Gerçek ötesi dijital obezlik

Tanol Türkoğlu Y
Gerçek ötesi dijital obezlik

Hacettepe Üniversitesi Bilgi ve Belge Yönetimi Bölümü tarafından bu yıl sekizincisi düzenlenen Değişen Dünyada Bilgi Yönetimi Sempozyumu’nda ben de bir konuşma yaptım. “Gerçek Ötesi ve Bilgi Yönetimi” temalı bu yılki sempozyumdaki konuşmamın başlığı biraz afili kavramlardan oluşuyordu: “Gerçek Ötesi Dünyada Dijital Obezite ve Dijital Detoks”.

Basitçe tanımlamak gerekirse dijital obezite internette geçirilen aşırı zamanın dijital sonuçları olarak değerlendirilebilir. Dünyadaki dört milyar internet kullanıcısı günde ortalama altı saatini internette geçiriyor. Türkiye’de ise yedi saat dokuz dakika. Geçirilen bu yedi saat üretici, yapıcı amaçlar için kullanılıyorsa az, sosyal medya gibi ortamlarda tüketim amacıyla geçiriliyorsa çok! Yani nicelik değil nitelik önemli. Türkiye dahil dünyanın pek çok ülkesinin dijital inovasyon performansına bakıldığında “tüketim” ağırlıklı olduğu kolayca tespit edilebilir.

İşte o nedenle dijital obezite! Peki dijital detoks yapmak bir çözüm mü? Yani belli dönemlerde internetle, dijital aletlerle, uygulamalarla zaman geçirmeyi sınırlamak. Olabilir ama pansuman çözüm düzeyinin üstüne çıkmaz. Belli bir dönem diet yapıp ardından yeniden eski yeme alışkanlığına dönmek gibi. Asıl önemlisi kalıcı, dengeli bir dijital etkileşim modeli geliştirebilmek. Bireysel ya da toplumsal yaşam kalitesini artırmaya yönelik, üretim-tüketim dengesini koruyacak bir model.


Konuşmayı pek motive edici bulduğunu belirten genç bir izleyici bir süredir terk ettiği sosyal medyaya bu kez yapıcı amaçlarla geri döneceğini söyledi. Uğraşmakta olduğu fotoğraf sanatı ile ilgili üretimlerini paylaşmak üzere. İşte tam da bu. Üretim derken büyük büyük hedefleri belirleyip sonra da onları gerçekleştirememenin altında ezilmek değil işaret ettiğim şey. Hatta bu “üretim odaklı” yaklaşımın ne olduğunu bilmeden bile dijital yola çıkılabilir. Onu aramak için. Televizyondan farklı olarak internet etkileşimi bireye sınırsız bir otonomi sunuyor. TV ileti(şi)minden kanalın yayın anlayışı ve program seçimi üzerinde bireyin doğrudan bir etkisi bulunmuyor. Internet etkileşimindeyse ipler bireyin elinde. Dilediği yönde ilerleyebilir, ilham verici içerikle etkileşim kurabilir.

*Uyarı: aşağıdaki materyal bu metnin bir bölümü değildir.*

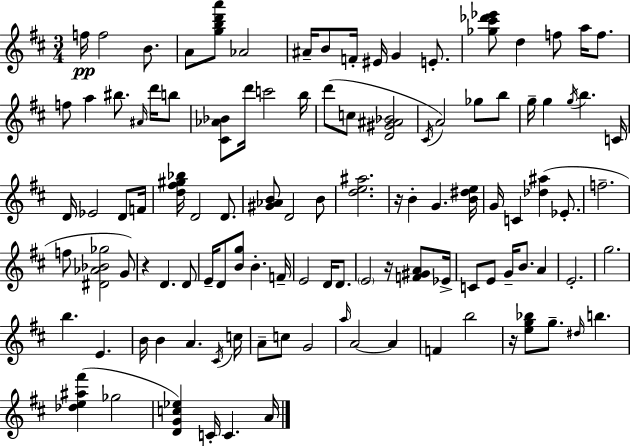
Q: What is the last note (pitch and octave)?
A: A4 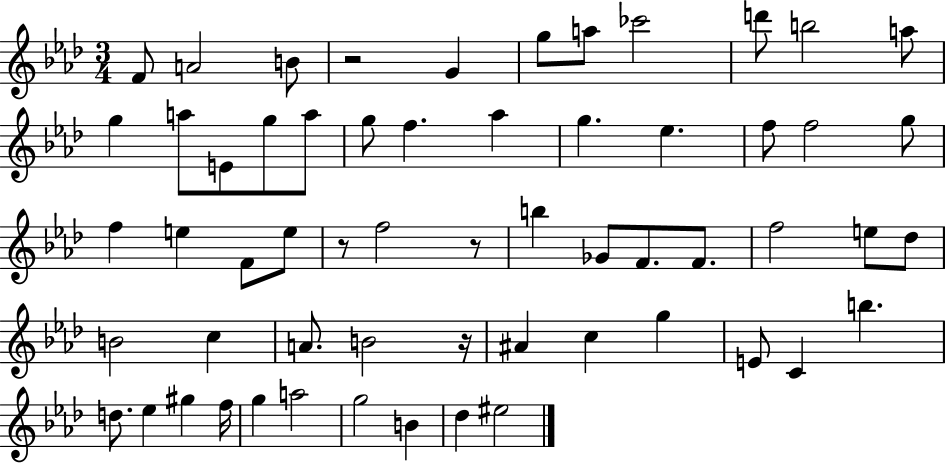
X:1
T:Untitled
M:3/4
L:1/4
K:Ab
F/2 A2 B/2 z2 G g/2 a/2 _c'2 d'/2 b2 a/2 g a/2 E/2 g/2 a/2 g/2 f _a g _e f/2 f2 g/2 f e F/2 e/2 z/2 f2 z/2 b _G/2 F/2 F/2 f2 e/2 _d/2 B2 c A/2 B2 z/4 ^A c g E/2 C b d/2 _e ^g f/4 g a2 g2 B _d ^e2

Öte yandan altını çizdiğim diğer bir önemli husus da dünyanın neden “gerçek-ötesi” ya da “doğru-ötesi” (post-truth) boyuta kayma eğilimi göstermesiydi. Hem de giderek artan bir ivmeyle. Shannon’un enformasyon teorisinde belirtilen veri ile enformasyon arasındaki fark (yeni gelen bir sinyal ile ardarda gelen aynı sinyal) ilerleme ile gelenek arasındaki çatışmayı açıklamakta kullanılabilir mi? Dış dünyadan giderek daha fazla sinyal alan ve bunları işlemek zorunda kalan insan beyni daha çabuk yoruluyor (tükenmişlik sendromu), bunları işlemek yerine kolaya kaçma yolunu seçiyor: Duygularına, içgüdülerine dönmek! Bu da gerçeği, doğruyu eğip bükerek kendi çıkarına kullananların popülaritesinin yükselmesine neden oluyor.

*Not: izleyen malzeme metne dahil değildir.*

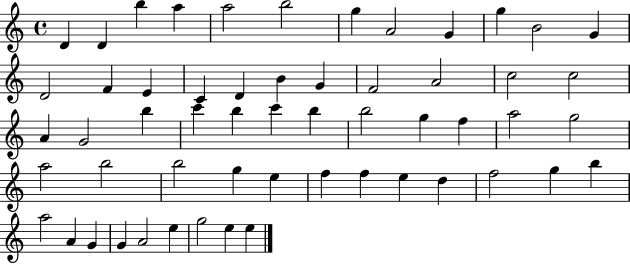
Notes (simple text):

Şimdiyi anlamakta, geleceğini tasarlamakta zorlanan birey gerçek- ötesi “kolay” dünyanın tuzağına düşüyor. Diğer oturumlarda da belirtildiği üzere çözüm eğitimden geçiyor. Bireyin dijital medya okuryazarlığı becerilerinin geliştirilmesi şart. İki üç yaşından itibaren dijital cihazları kullanmaya başlayanlardan oluşan bir dünya için bu eğitimin ilkokul öncesinden itibaren verilmeye başlaması için artık bir lüks değil, zorunluluk!

Tanol Türkoğlu / [email protected]

Bu yazı HBT'nin 137. sayısında yayınlanmıştır.